» **Records for processing**
*****
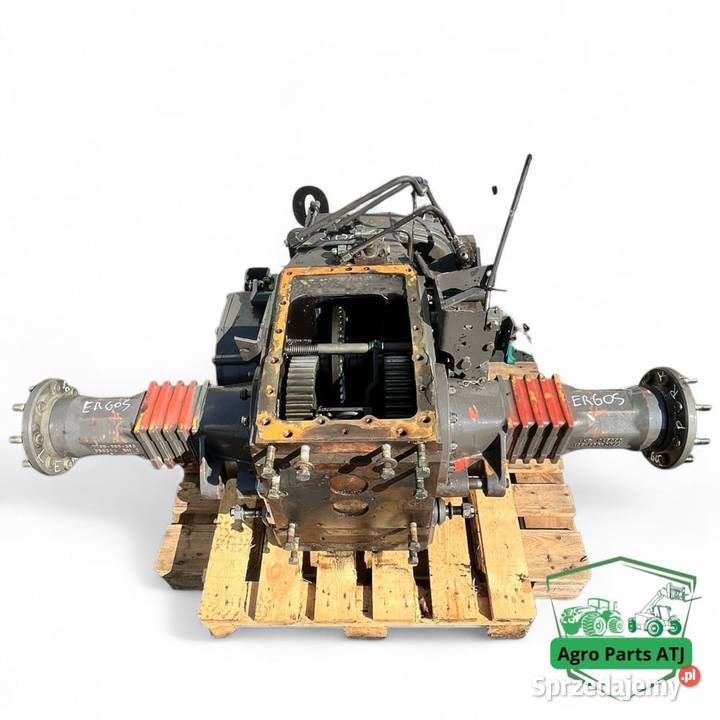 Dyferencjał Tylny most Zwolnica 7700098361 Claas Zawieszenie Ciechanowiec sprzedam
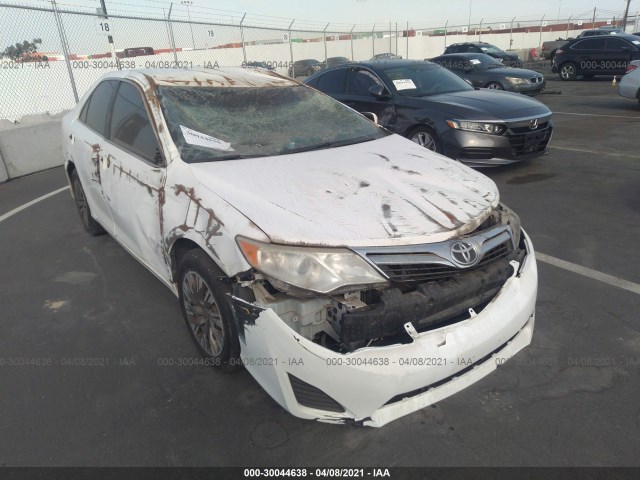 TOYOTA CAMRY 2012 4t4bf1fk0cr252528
*****
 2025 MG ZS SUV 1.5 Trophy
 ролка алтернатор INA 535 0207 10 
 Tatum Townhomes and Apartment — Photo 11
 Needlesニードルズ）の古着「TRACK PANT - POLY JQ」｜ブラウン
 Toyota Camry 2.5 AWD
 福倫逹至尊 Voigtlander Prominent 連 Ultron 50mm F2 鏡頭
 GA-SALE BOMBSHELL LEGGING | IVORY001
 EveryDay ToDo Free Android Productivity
*****
» **Task description**
Looking back over the data above, restate word for word the lines that begin at the line with "2025 MG ZS SUV 1.5 Trophy" and end at the line with "EveryDay ToDo Free Android Productivity", inclusive.

» **Answer for this exercise**
 2025 MG ZS SUV 1.5 Trophy
 ролка алтернатор INA 535 0207 10 
 Tatum Townhomes and Apartment — Photo 11
 Needlesニードルズ）の古着「TRACK PANT - POLY JQ」｜ブラウン
 Toyota Camry 2.5 AWD
 福倫逹至尊 Voigtlander Prominent 連 Ultron 50mm F2 鏡頭
 GA-SALE BOMBSHELL LEGGING | IVORY001
 EveryDay ToDo Free Android Productivity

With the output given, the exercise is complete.